Ponto um: Cavaco tem razão e deve falar (se não conseguir fazer inverter o rumo das coisas, pelo menos que, daqui a uns anos, quando a factura vier, não existam dúvidas sobre quem foi responsável por ela). Suspeito que lhe é difícil assumir este papel (a recordação de Soares não o deve largar). Mas tem que falar. Tem que chamar a atenção para as evidências. O caminho que o governo pretende seguir, de mais e mais endividamento, quando já nesta altura não temos folga, é suicidário. Não para os boys, resguardados nos seus cargos públicos ou encaixados nos conselhos de administração das empresas privadas que dependem do estado (quase todas as importantes), ou mesmo razoavelmente seguros numa carreira de professor ou de militar ou de profissional da saúde. Para esses, a baixa de rendimento será uma realidade mas não notarão nada de catastrófico (são os mesmos que, verdadeiramente, ainda não sentiram a crise). Os restantes pagarão a maior parte da factura. (E os alemães, e os franceses, e todos os outros cidadãos de países do euro, que alimentam o nosso desperdício há mais de vinte anos e que, mesmo contra vontade, terão que nos continuar a dar dinheiro para salvaguardar a cotação da moeda; há ainda alguém que conteste a nossa adesão ao euro?)

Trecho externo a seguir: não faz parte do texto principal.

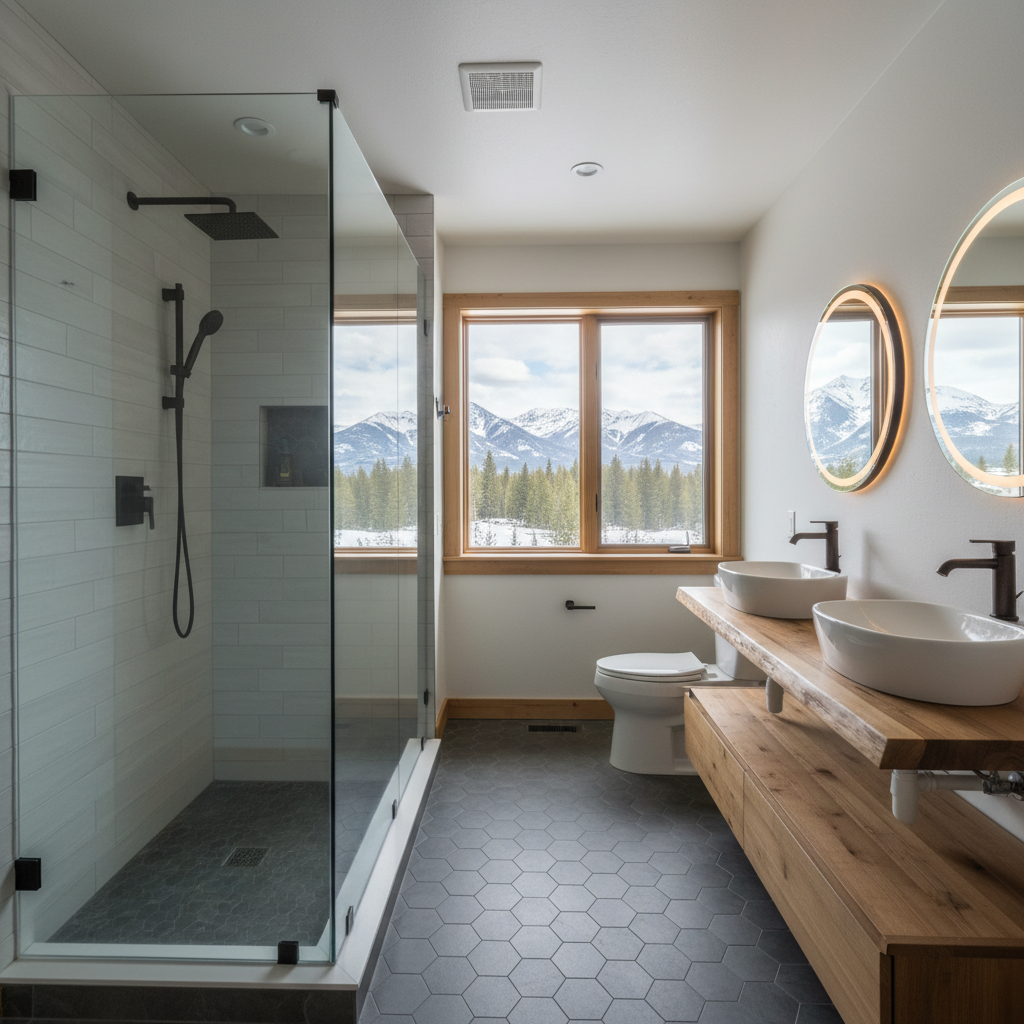 Completed bathroom modernization work at a residential property in Big Sky, MT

Ponto dois: desde o caso do estatuto dos Açores, em que sentiram o pulso ao presidente, Sócrates e o PS têm tratado Cavaco como irrelevante. Talvez estejam certos: Cavaco não geriu bem a questão dos Açores. Inicialmente, talvez tenha até sido ele a tentar ver se Sócrates podia ser levado a ceder. Falhou em toda a linha. Aparentemente, Sócrates deixou de o respeitar. Permite-se agora tratá-lo da mesma forma que trata Ferreira Leite e apenas ligeiramente melhor do que trata Louçã. De certa forma, é bem feito para Cavaco (nos anos 90, Soares exagerava mas Cavaco também nunca reconheceu que, por vezes, ele tinha razão). Mas, para o país, a indiferença com que o governo trata o presidente (veja-se o caso da lei do pluralismo e da não concentração dos meios de comunicação social, vetada por Cavaco com a indicação de que não é urgente, levada pelo PS a nova votação tão depressa quanto conseguiu, sem efectuar alterações significativas) e todas as vozes críticas é, no mínimo, assustadora. Sejamos francos: o espírito democrático nunca desceu verdadeiramente sobre portugueses com poder.
Ponto três: há quem absolva Sócrates com o argumento de que Cavaco seguiu as mesmas receitas. Precisamente. Por isso sabe do que fala. Por isso estava farto do PSD no final da segunda maioria absoluta. Cavaco aprovou o estatuto da função pública, que levou ao "monstro". Cavaco não conseguiu evitar que, então como agora, uma súcia de parasitas infestasse o estado. Cavaco apostou no investimento público. Mas, ainda assim, há algumas diferenças. Os funcionários públicos ganhavam mal. Permitir-lhes um melhor nível de vida teria sido justo se depois se tivesse controlado o seu número. Bastava isso. Mas o próprio estatuto, as subidas automáticas de escalão, os aumentos salariais, tudo deveria ter sido revisto quando as nuvens começaram a escurecer. Guterres não teve coragem. Ficou a ver a chuva transformar o país no famoso "pântano" (a imagem é fraquinha mas o assunto não me inspira melhor). Para finalizar, e no que respeita ao investimento público, quando Cavaco chegou ao poder não havia auto-estrada para o Algarve. Da auto-estrada Lisboa - Porto existia metade. Agora temos duas e parece que vai ser construída uma terceira.